Press Reactions

From Boston Globe
By Frederic M. Biddle

"Violent crime is reportedly on the wane, but you wouldn't know by watching Hot Guns . The good news doesn't contradict the fact that nearly 40,000 people are killed and a million crimes committed each year with handguns. Tonight's installment of FRONTLINE skillfully retraces one gun's path to tragedy, while intriguingly but ineffectively taking aim at a greater story."

"...Why, exactly, would Lorcin mislead the ATF about internal theft that cost it millions? Clearly, FRONTLINE is hinting that more than a few rogue plant workers may have been involved, even though the ATF links as many as 6,000 guns to Jeremy Mendoza, the worker arrested in McCrary's sting. But the documentary stops there. Waldorf--and the executives of a half-dozen competing cheap guns companies in Southern California, nearly all of whom are related by blood or marriage--would make for a fascinating, multipart documentary, with deadly shades of Dynasty. After all, their companies ultimately account for far more deaths than any thieving employee."

From New York Times
By Walter Goodman

"The 'hot guns' of the title are the small-caliber handguns favored by America's fearful and its felons. In particular, an undercover agent on the Bureau of Alcohol, Tobacco and Firearms tells of a black-market operation that sent thousands of down-market Lorcin .380's around the country. The program meanders into familiar news magazine neighborhoods as it tells of the growing popularity of the small guns both for self-defense and for stickups.

Blame is directed at the manufacturer, Lorcin Engineering, for sloppy or non-existent security. A hidden camera captures a company employee and the Federal agent doing their business, moving the goods from car trunk to car trunk. The hour has the feeling of promotional spot for the bureau, which has suffered some unfavorable publicity in recent years.

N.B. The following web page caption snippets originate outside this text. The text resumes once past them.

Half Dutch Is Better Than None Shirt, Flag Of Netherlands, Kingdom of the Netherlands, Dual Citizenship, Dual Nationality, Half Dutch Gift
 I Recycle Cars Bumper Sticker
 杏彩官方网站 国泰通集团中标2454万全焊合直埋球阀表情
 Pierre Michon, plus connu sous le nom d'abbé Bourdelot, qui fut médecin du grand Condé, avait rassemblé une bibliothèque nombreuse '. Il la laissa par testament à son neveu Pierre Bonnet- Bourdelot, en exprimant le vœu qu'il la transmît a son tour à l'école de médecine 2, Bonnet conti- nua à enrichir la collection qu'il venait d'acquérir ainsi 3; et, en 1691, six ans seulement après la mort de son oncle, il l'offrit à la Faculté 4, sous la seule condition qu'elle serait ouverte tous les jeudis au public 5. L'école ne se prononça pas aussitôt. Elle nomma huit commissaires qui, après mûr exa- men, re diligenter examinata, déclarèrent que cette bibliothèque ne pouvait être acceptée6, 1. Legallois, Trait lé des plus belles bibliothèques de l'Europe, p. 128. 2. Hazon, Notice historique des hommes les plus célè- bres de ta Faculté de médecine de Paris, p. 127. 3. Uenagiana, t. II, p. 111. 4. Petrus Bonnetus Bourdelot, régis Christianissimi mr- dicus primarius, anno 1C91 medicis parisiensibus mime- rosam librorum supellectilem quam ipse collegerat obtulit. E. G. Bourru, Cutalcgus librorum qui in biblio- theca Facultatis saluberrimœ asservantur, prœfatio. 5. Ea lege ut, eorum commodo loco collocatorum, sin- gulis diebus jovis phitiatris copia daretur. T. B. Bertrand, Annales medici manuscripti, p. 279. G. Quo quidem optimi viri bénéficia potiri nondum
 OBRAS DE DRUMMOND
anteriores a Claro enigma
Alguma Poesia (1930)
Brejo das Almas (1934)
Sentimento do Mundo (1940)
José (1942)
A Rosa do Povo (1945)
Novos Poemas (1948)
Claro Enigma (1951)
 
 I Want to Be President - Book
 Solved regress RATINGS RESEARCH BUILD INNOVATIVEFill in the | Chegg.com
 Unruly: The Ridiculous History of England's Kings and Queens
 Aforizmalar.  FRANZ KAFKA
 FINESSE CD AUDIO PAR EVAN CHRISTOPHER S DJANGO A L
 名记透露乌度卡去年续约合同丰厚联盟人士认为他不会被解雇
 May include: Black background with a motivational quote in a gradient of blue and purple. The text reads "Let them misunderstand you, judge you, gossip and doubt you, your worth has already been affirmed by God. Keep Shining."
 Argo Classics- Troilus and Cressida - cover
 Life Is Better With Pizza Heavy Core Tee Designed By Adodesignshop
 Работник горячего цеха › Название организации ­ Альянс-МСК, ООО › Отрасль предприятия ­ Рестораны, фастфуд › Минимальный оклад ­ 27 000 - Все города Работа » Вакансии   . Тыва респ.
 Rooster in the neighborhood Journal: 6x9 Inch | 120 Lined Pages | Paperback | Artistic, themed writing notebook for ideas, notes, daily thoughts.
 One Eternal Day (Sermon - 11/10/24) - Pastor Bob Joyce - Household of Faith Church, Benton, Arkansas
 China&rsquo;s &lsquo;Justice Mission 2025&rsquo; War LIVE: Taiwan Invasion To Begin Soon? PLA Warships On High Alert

Acting as a sort of Consumer Reports, the producers caution that cheap guns have a propensity to jam. That cannot be reassuring to customers who buy them for what the manufacturer calls 'affordable self-protection,' but it also raises the possibility that jammed guns in the hands of the bad guys could save the lives of some convenience-store clerks. So there's one novel idea here: if we can't cut down on the sale of guns at least make sure they don't work."